Photo Courtesy Of Justin Brannan
Photo Courtesy Of Justin Brannan

ONLY ON BENSONHURST BEAN: Despite the push by a local coalition urging the return of weekend service on the X28 express bus, the MTA has informed Bensonhurst Bean that service restoration is highly unlikely.

The X28 saw weekend service slashed entirely from the route in June of 2010 due to budget constraints. As we reported on Monday, a coalition of local groups and elected officials – including Councilman Vincent Gentile and Assemblyman William Colton, Bensonhurst West End Community Council, People’s Coalition of Coney Island, and more – are demanding that the MTA restore weekend service to compensate for the year-long closure of the Montague tunnel, which carries the R train into Manhattan and is expected to wreak havoc on commutes to and from western Brooklyn when it takes effect.

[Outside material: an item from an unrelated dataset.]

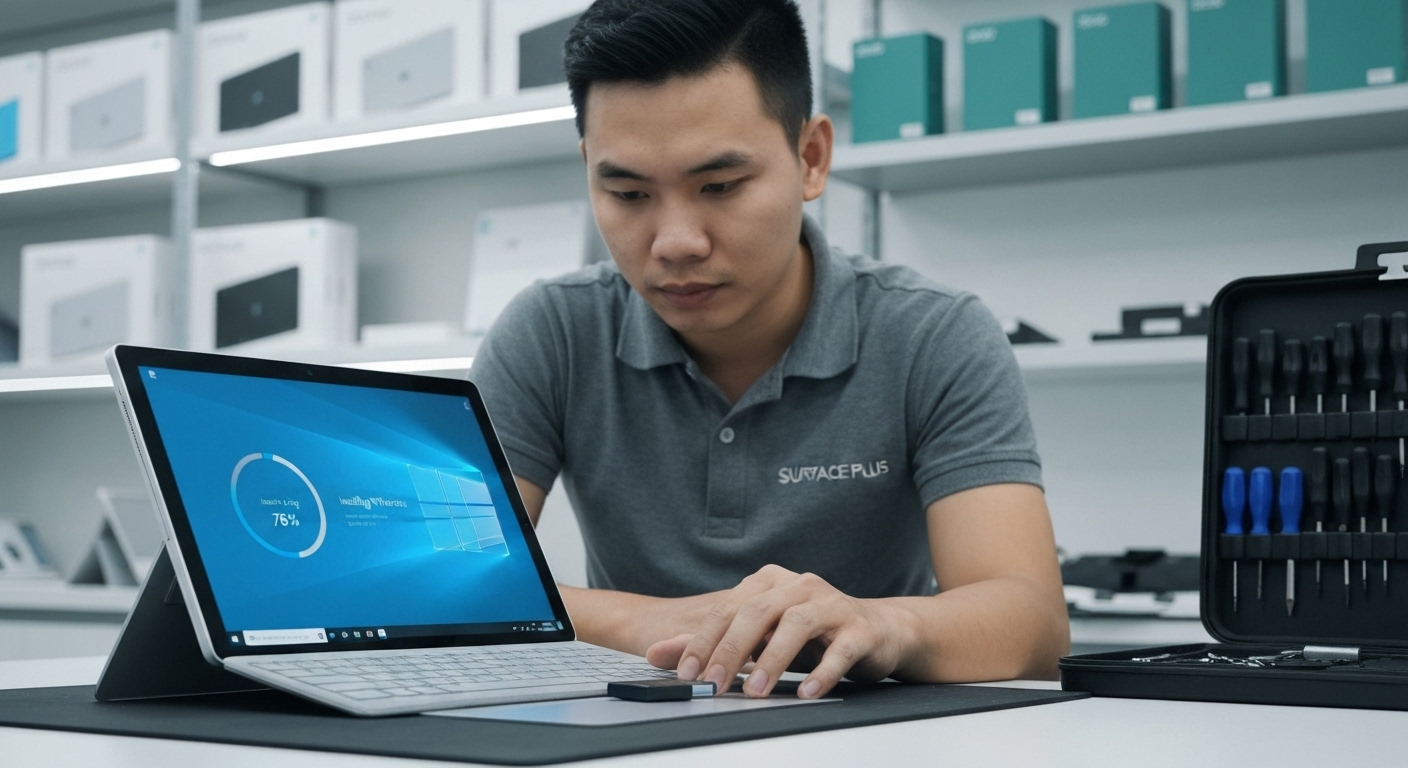 Kỹ thuật viên chuyên nghiệp đang thực hiện cài đặt lại Windows trên một chiếc Surface Pro.
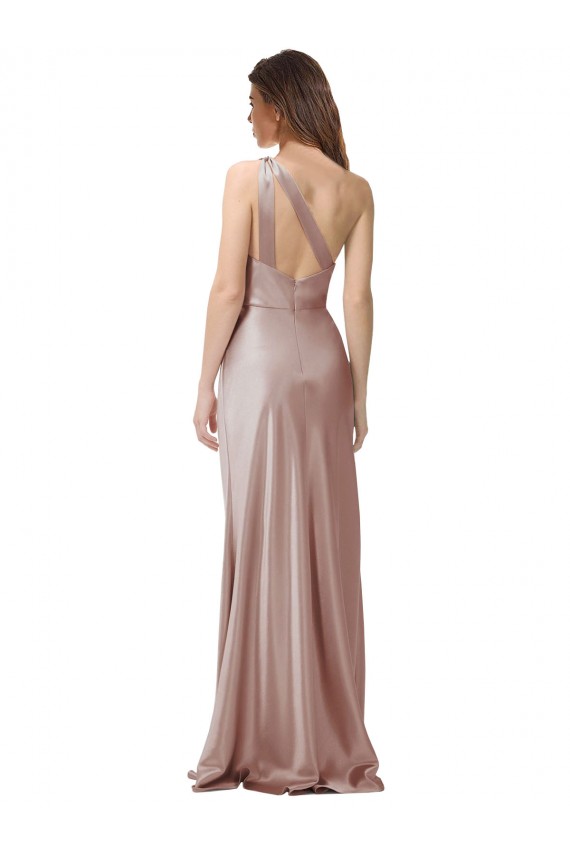 Purchase Long Sleeveless One Shoulder Sheath Stretch Satin Dusty Pink Evening Dress Canada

But the MTA told Bensonhurst Bean that there’s insufficient demand for the line to justify the expense, especially since a large stretch of the X28 ridership are served by the D line. Towards the western stretch of the route, former X28 weekend passengers are served by an X17 bus stop at 86th Street near the Gowanus Expressway, a stop created specifically to compensate for the loss of X28 service.

“The weekend X28 route had low ridership (760 customers) and duplicated D subway service,” MTA spokesperson Deirdre Parker wrote in an email to Bensonhurst Bean. “Many other former X28 customers have started using the DFNQ subways on weekends, in some cases transferring from local buses.”

Overall, though, the service is just too expensive to restore when riders have other options.

“On a cost per passenger basis, express bus service is far more costly to operate than either local bus service or subway service,” Parker noted.

Gentile’s office has little concern about the expense required to bring weekend service back, saying the agency has managed to find funds in the past.

“The MTA has a knack for suddenly finding money behind filing cabinets and underneath old mattresses. This year Albany gave the MTA $40 million more than they asked for. It would make sense, first and foremost, to put some of that $40 million towards restoring services that were cut,” said Justin Brannan, Gentile’s director of communications and legislative affairs.

Brannan added that seniors and the disabled in neighborhoods like Bath Beach or Bensonhurst’s West End will continue to suffer as long as the MTA drags its feet. Those neighborhoods, along with Sea Gate and western Coney Island, were once served on weekends by the X28 and now have to take a bus to a subway to get to Manhattan, rather than their one-ride commute.

“For seniors and the disabled, getting to Manhattan on the weekend from Bath Beach, Bensonhurst, Dyker Heights, Sea Gate or Coney Island without the x28 is like running the gauntlet,” Branna said. “The MTA needs to understand that people truly relied on this weekend express bus service to get where they had to go – let’s stop acting like the weekend x28 was a luxury.”